Western Morning News (Saturday)
For 70 years, the everyday stories of country folk
THE Archers – the radio drama conceived in part to help spread information about farming innovations to the agricultural community – has celebrated its 70th anniversary with a special episode in which Ambridge “faces a life-changing crisis”.
Instalment number 19,343, in which “one resident makes a special announcement”, was aired on BBC Radio 4 at 7pm yesterday – New Year’s Day. It marks the end of a year in which storylines featured modern-day slave labour and an explosion at a country house hotel.
The year also saw bosses experiment with a different type of broadcast – monologues featuring characters’ thoughts and musings. But the new format, devised because of recording restrictions caused by lockdown, was not deemed a success by listeners.
Ambridge fans welcomed the soap’s return to the studio, with a socially distanced set-up of fewer cast members.
Pilot episodes of The Archers first aired in May 1950 on the BBC Midlands Home Service. Dubbed ‘ An everyday story of country folk’, the first national episode was broadcast on January 1 1951.
Actress June Spencer, who continues to play Peggy Woolley today, featured in the first episode. Now 101, she has no plans to retire. “I just love it. I think it’s what keeps me going,” the veteran actress previously told PA news agency.
The Archers’ editor Jeremy Howe recently said that plotting future episodes had been challenging amid the coronavirus pandemic.

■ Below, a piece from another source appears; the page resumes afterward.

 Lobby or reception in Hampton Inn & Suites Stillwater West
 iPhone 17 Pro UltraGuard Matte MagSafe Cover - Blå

“During the pandemic it has been really difficult to predict what we will be doing and when,” he said. How will we be able to live our lives in 10 weeks’ time? Will (local pub) The Bull be open or shut? What tier is Ambridge in?”
The Archers was created by Godfrey Baseley, originally as a way to help educate farmers in modern production methods when Britain was still in the grip of food rationing.

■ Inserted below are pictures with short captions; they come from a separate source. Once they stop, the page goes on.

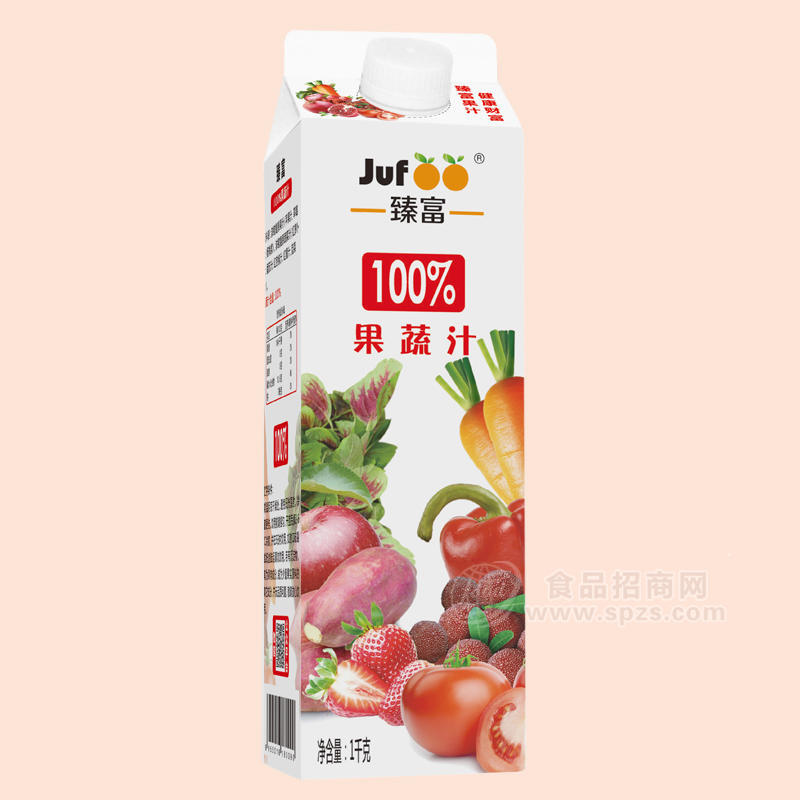 臻富100%果蔬汁，果汁批发，果汁代理，饮料代理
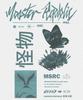 MONSTER REPUBLIC Fly Jade Green T-Shirt White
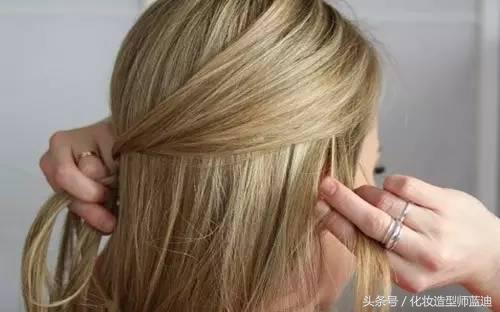 四款超唯美编发教程想不漂亮都难,唯美优雅的新娘编发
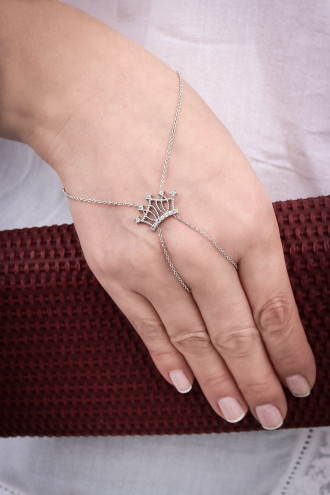 Zircon Taşlı Kral Tacı Şahmeran Zircon Taşlı Kral Tacı Şahmeran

One of its longest serving writers and for many years the Agricultural Story Editor is Graham Harvey, who lives in Somerset and has been a regular columnist and writer for the Western
Morning News.
He told the WMN yesterday: “For 70 years this show has given the people of Britain an insider’s view on just about the most important way we humans change and re-create our environment. It’s probably more relevant in 2021 than it’s ever been in its long and colourful history.”

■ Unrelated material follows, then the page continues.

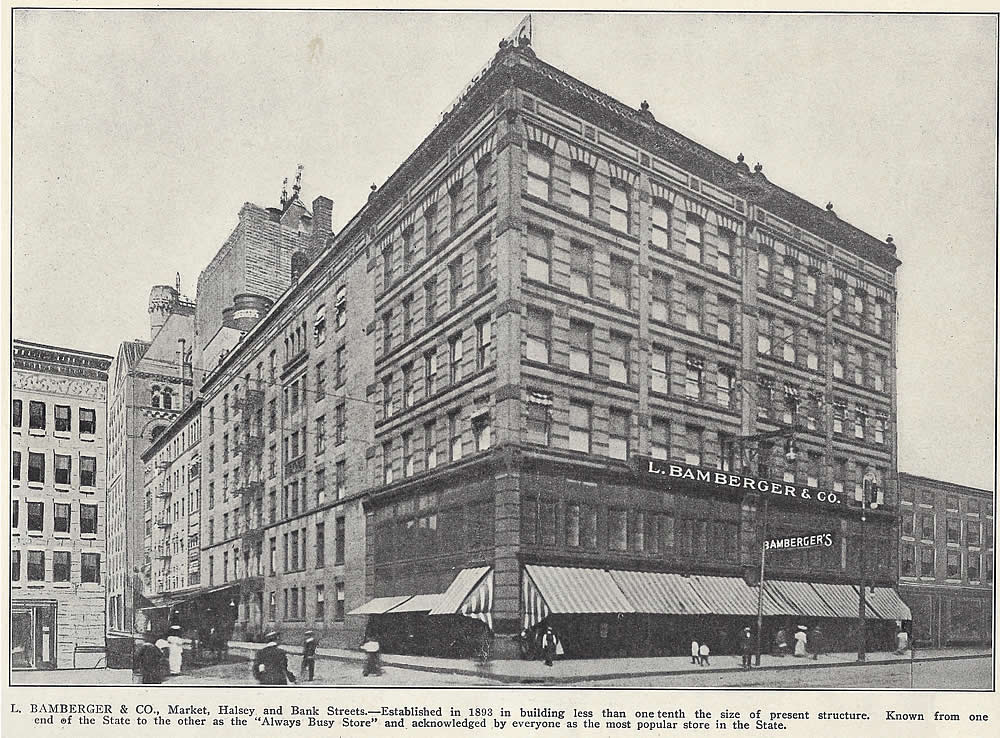 147 Market Street
Photo from "Newark 1909 - 1910"
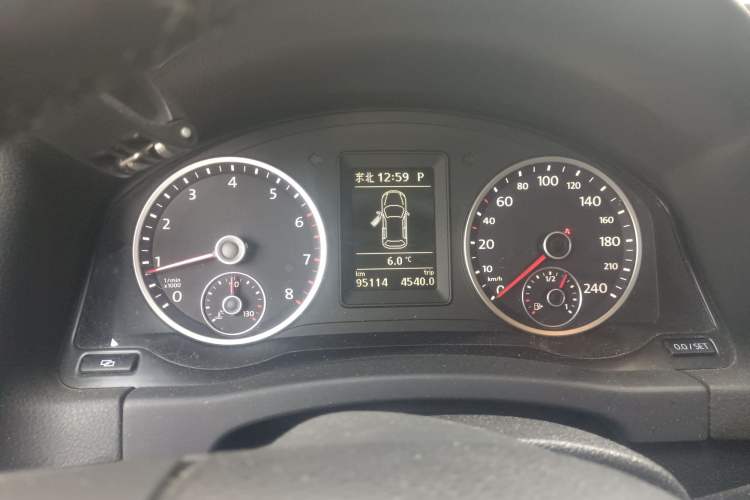 Used Volkswagen Tiguan 2012 1.8TSI Automatic All-Wheel Drive Elite Edition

Devon cheesemaker and farmer Mary Quicke is the inspiration for one Archers’ character’s foray into the world of cheesemaking. Helen Archer’s development of award-winning Borcetshire Blue was based around Mary’s own work building up the world-famous cheddar making operation on her family’s farm at Newton St Cyres, near Exeter. Mary featured in a special edition of Woman’s Hour on Radio 4 yesterday, celebrating women in farming.